Here are some of the provisions:
- Big Businesses: A $500 billion fund for big businesses. This includes $425 billion for the Federal Reserve to leverage for back loans and assistance to help broad groups of distressed companies and $75 billion for industry-specific loans. For example, the U.S. airlines will receive assistance.
- Small Businesses: More than $350 billion to establish lending programs for small businesses. However, the programs are only available for those who maintain a steady payroll through the crisis. Small businesses that pledge to keep their workers would also receive cash-flow assistance structured as federally guaranteed loans. If the employer continued to pay its workers for the duration of the crisis, those loans would be forgiven.
- Hospitals: A $130 billion boost for hospitals and other healthcare providers for equipment and supplies.
- Individuals: Direct payments of $1,200 to individuals ($2,400 for couples) making up to $75,000 per year ($150,000 for couples). Families would also receive $500 for each child. The amount decreases for those making more than $75,000 and completely phases out for individuals earning more than $99,000 per year. Sen. Schumer said checks would be cut April 6.
- Unemployed: Unemployment insurance extension to four months, bolstered by $600 weekly. Eligibility would be expanded to cover more workers.
- Restrictions on Business Aid: Any company receiving a government loan would be subject to a ban on stock buybacks through the term of the loan plus one additional year. They must also limit executive bonuses and take steps to protect workers.
- Transparency: The Treasury Department would have to disclose the terms of the loans or other aids to companies, and a new Treasury inspector general would oversee the lending program. The bill calls for the creation of a 5-person oversight board to review loans for big businesses.
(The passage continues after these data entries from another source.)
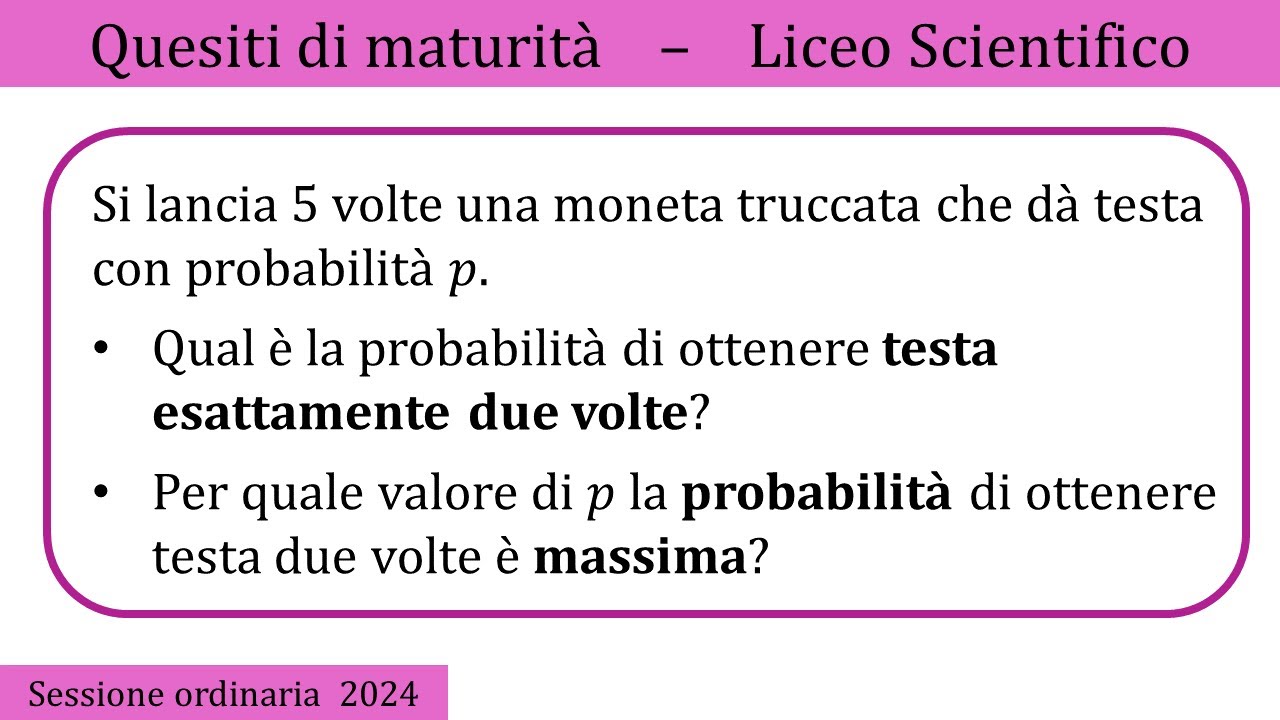 Maturità 2024 - Probabilità (binomiale) - ORDINARIA - QUESITO 2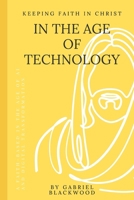 Keeping Faith in Christ in the Age of Technology B0FKTJV9VH Book Cover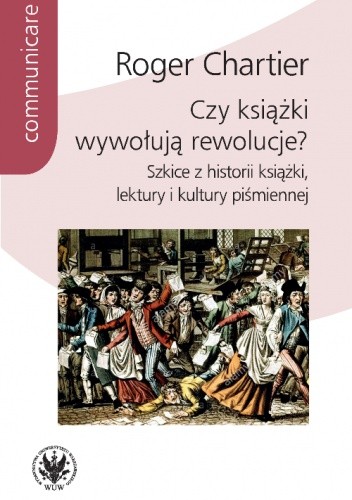 Czy książki wywołują rewolucje? Szkice z historii książki, lektury i kultury piśmiennej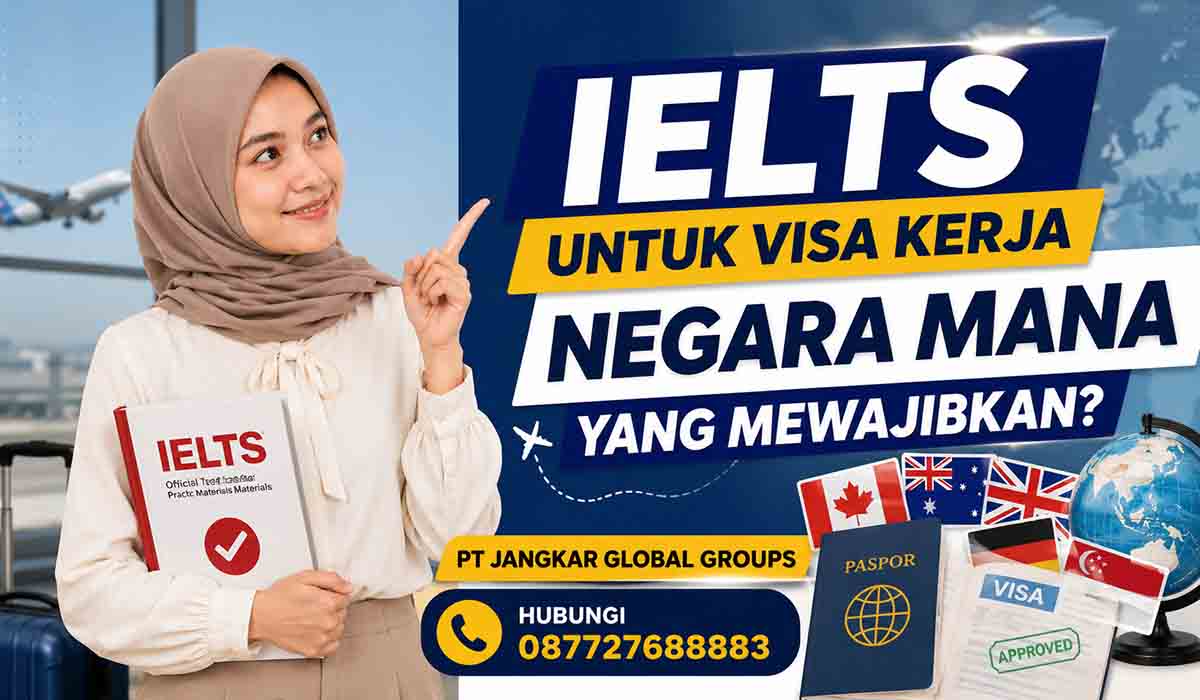 IELTS untuk Visa Kerja Negara Mana yang Mewajibkan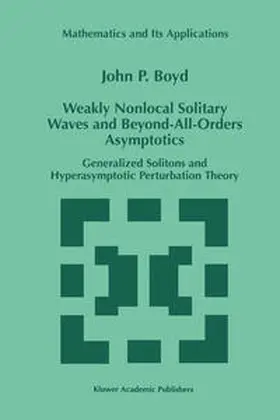 Boyd | Weakly Nonlocal Solitary Waves and Beyond-All-Orders Asymptotics | E-Book | sack.de
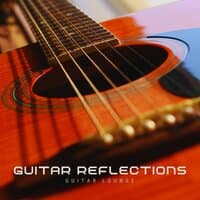 Guitar Reflections: Instrumental Guitar Harmony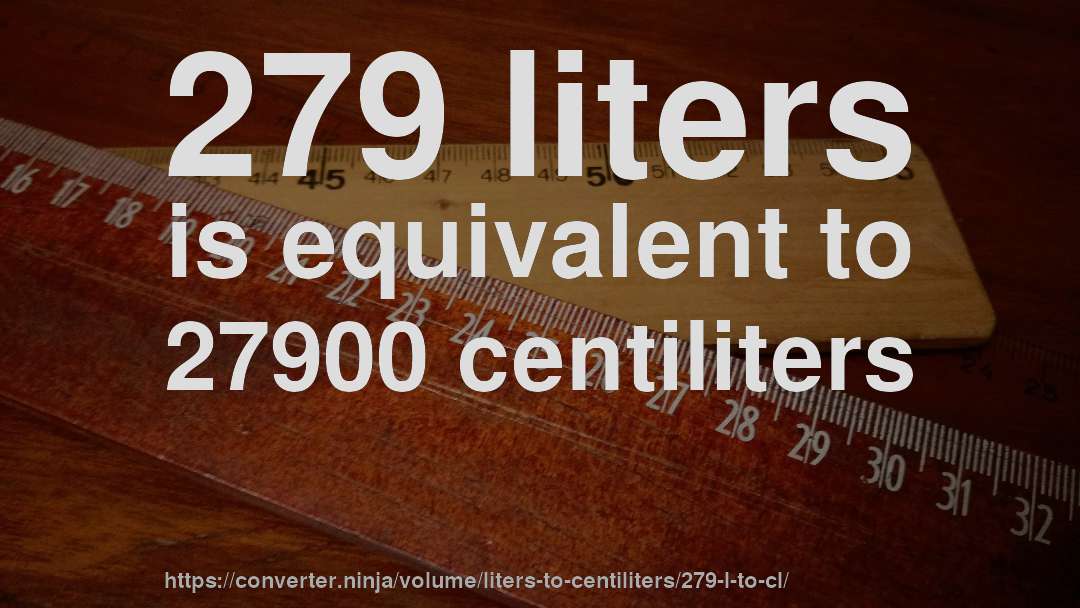 279 liters is equivalent to 27900 centiliters
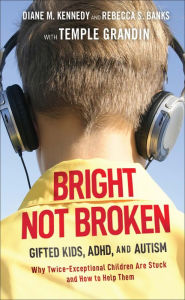 Bright Not Broken: Gifted Kids, ADHD, and Autism Diane M. Kennedy Author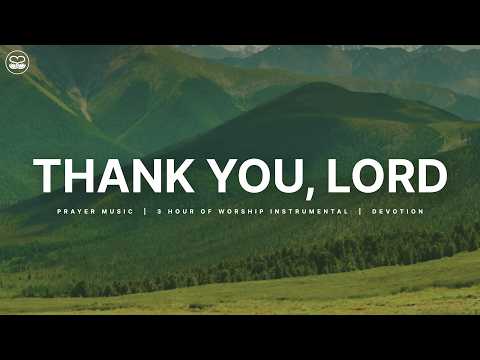 Thank You, Lord: 3 Hours of Instrumental Worship | Prayer & Quiet Time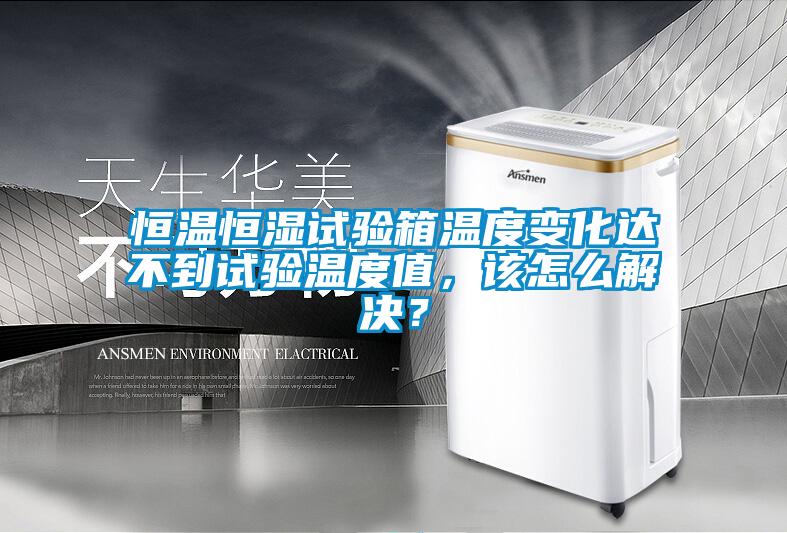 恒溫恒濕試驗(yàn)箱溫度變化達(dá)不到試驗(yàn)溫度值，該怎么解決<div   id=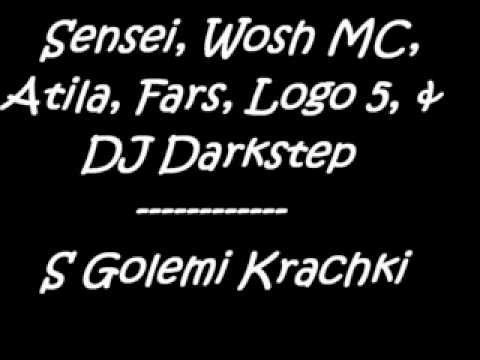 Sensei,  Wosh Mc,  Atila,  Logo5,  Fars,  +dj Darkstep - S Golemi Krachki.avi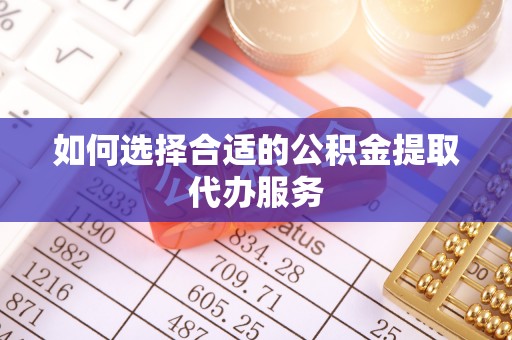 翠峦如何选择合适的公积金提取代办服务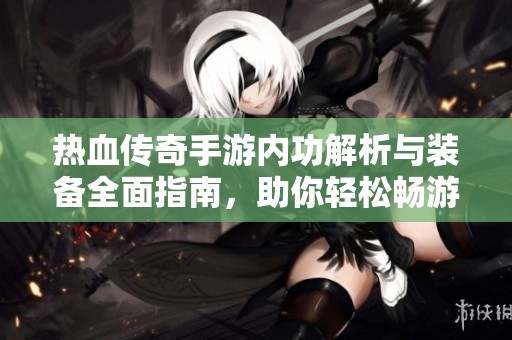熱血傳奇手游內(nèi)功解析與裝備全面指南，助你輕松暢游游戲世界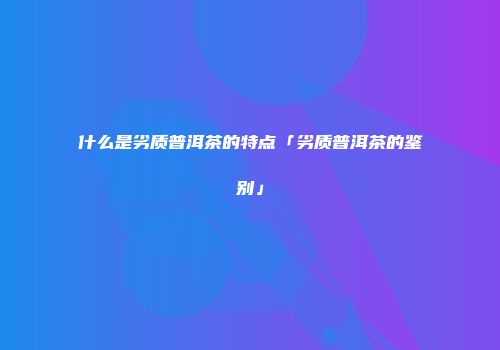 什么是劣质普洱茶的特点「劣质普洱茶的鉴别」
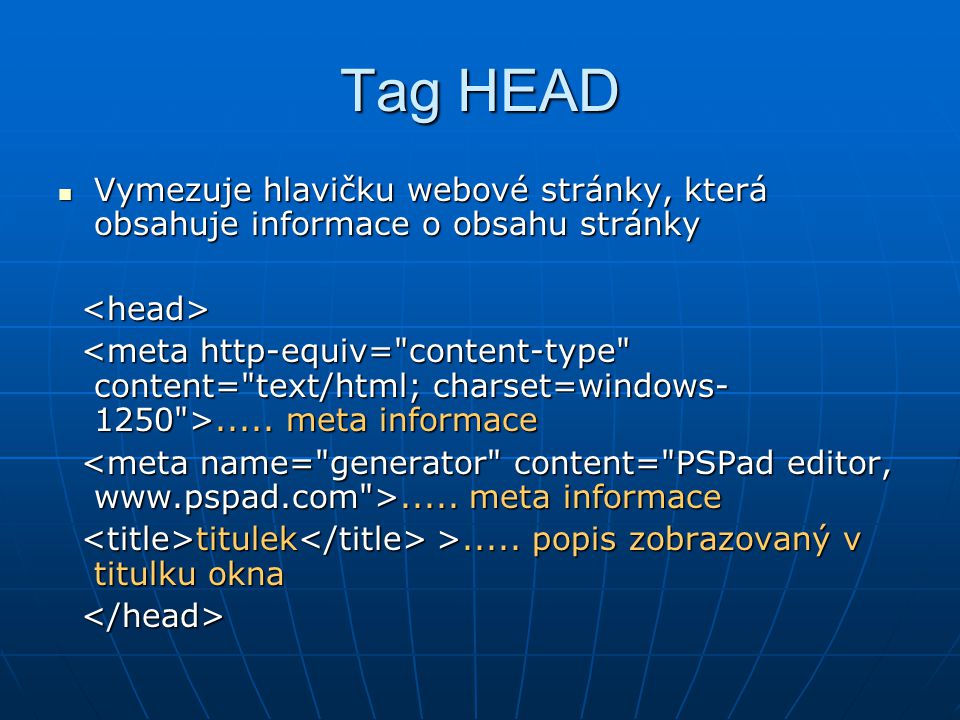 Tag HEAD  Vymezuje hlavičku webové stránky, která obsahuje informace o obsahu stránky.....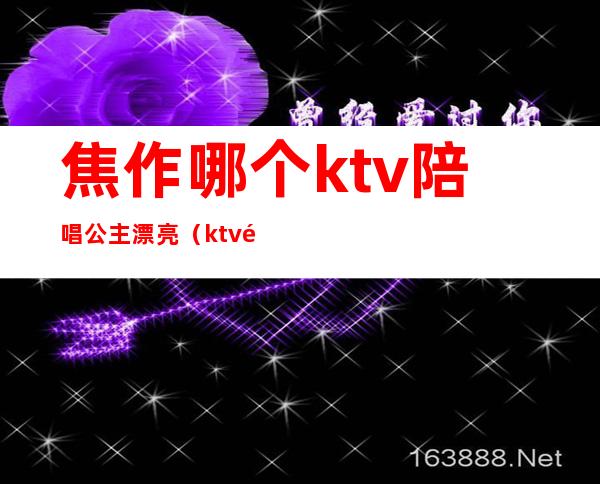 焦作哪个ktv陪唱公主漂亮(ktv陪唱多钱)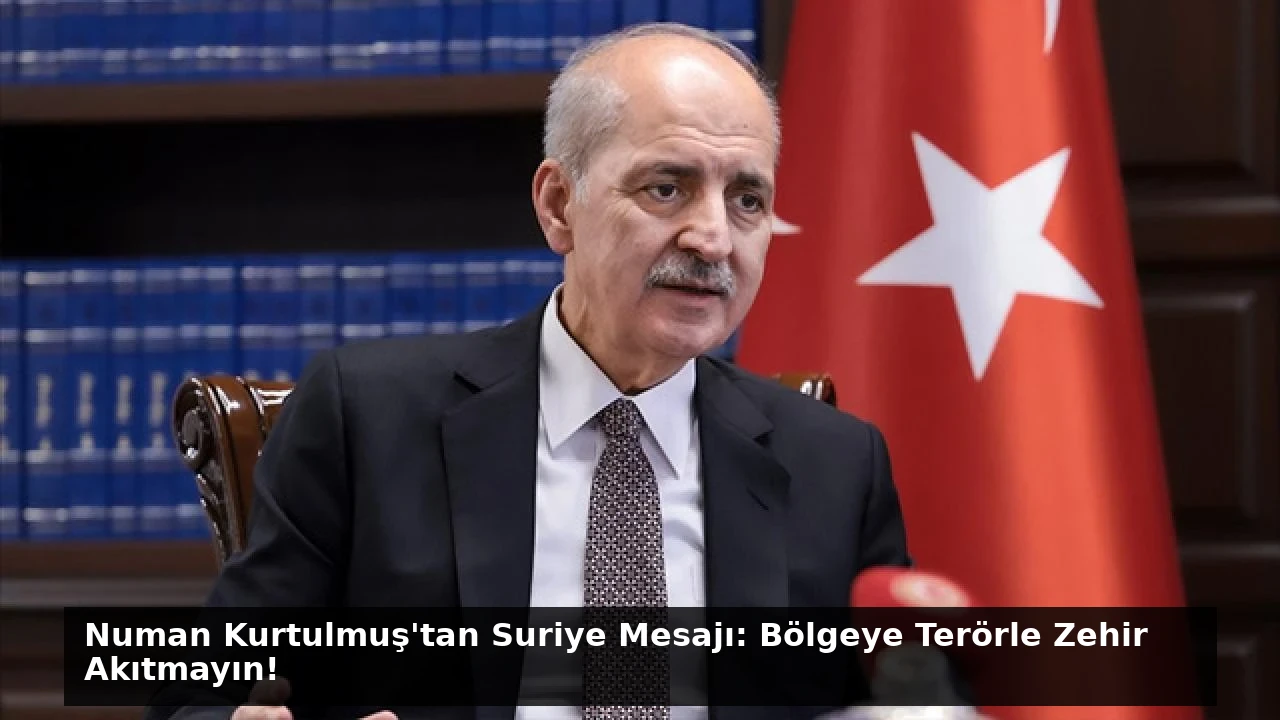 Numan Kurtulmuş’tan Suriye Mesajı: Bölgeye Terörle Zehir Akıtmayın!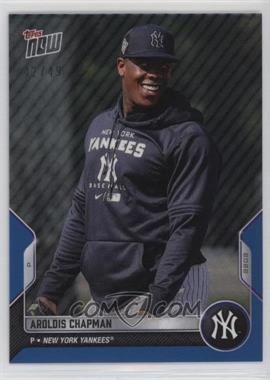 2022 Topps Now Road to Opening Day - [Base] - Blue #OD-42 - Aroldis Chapman /49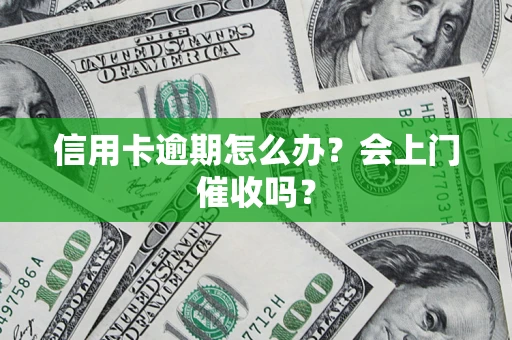 北京信用卡逾期怎么办？会上门催收吗？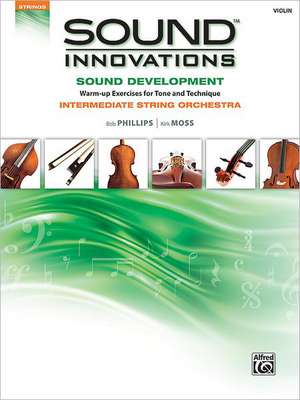 Sound Innovations for String Orchestra -- Sound Development de Bob Phillips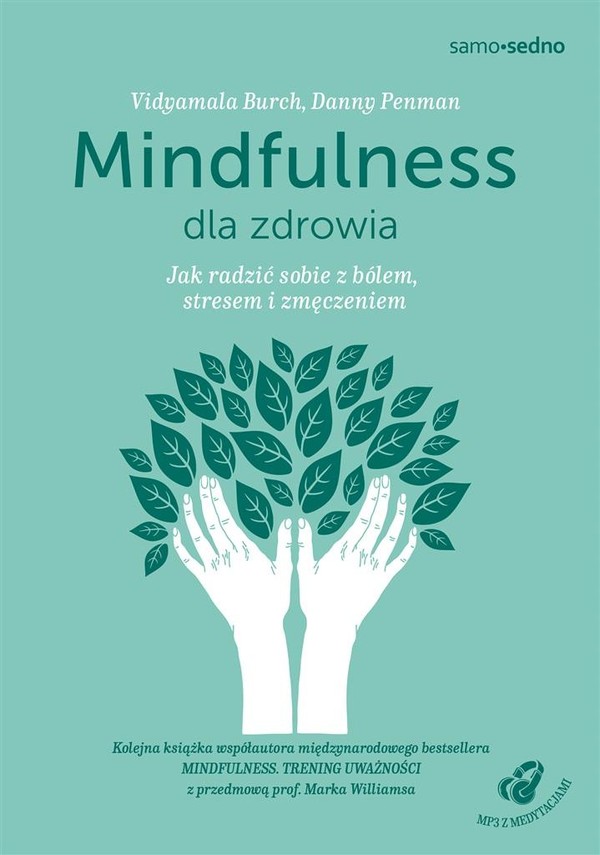 Mindfulness dla zdrowia Jak radzić sobie z bólem, stresem i zmęczeniem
- Congressional Restrictions: The bill includes a measure barring any business owned by President Donald Trump or his family from receiving loans from the Treasury. Businesses owned by members of Congress, heads of executive departments and Vice President Mike Pence would also be blocked.
Senate Majority Leader Mitch McConnell explained that the deal “will rush new resources onto the front lines of our nation’s historic fight and it will inject trillions of dollars of cash into the economy as fast as possible to help American workers, families, small businesses and industries make it through this disruption and emerge on the other side ready to soar.”
Lawmakers from both chambers have also acknowledged that it is likely other legislative measures will be needed in the coming months to counter the consequences of the pandemic.
Disclaimer: This material has been prepared for informational purposes only, and is not intended to substitute for obtaining accounting, tax, or financial advice from a professional tax planner or financial planner. All information is provided “as is,” with no guarantee of completeness, accuracy, timeliness or of the results obtained from the use of this information.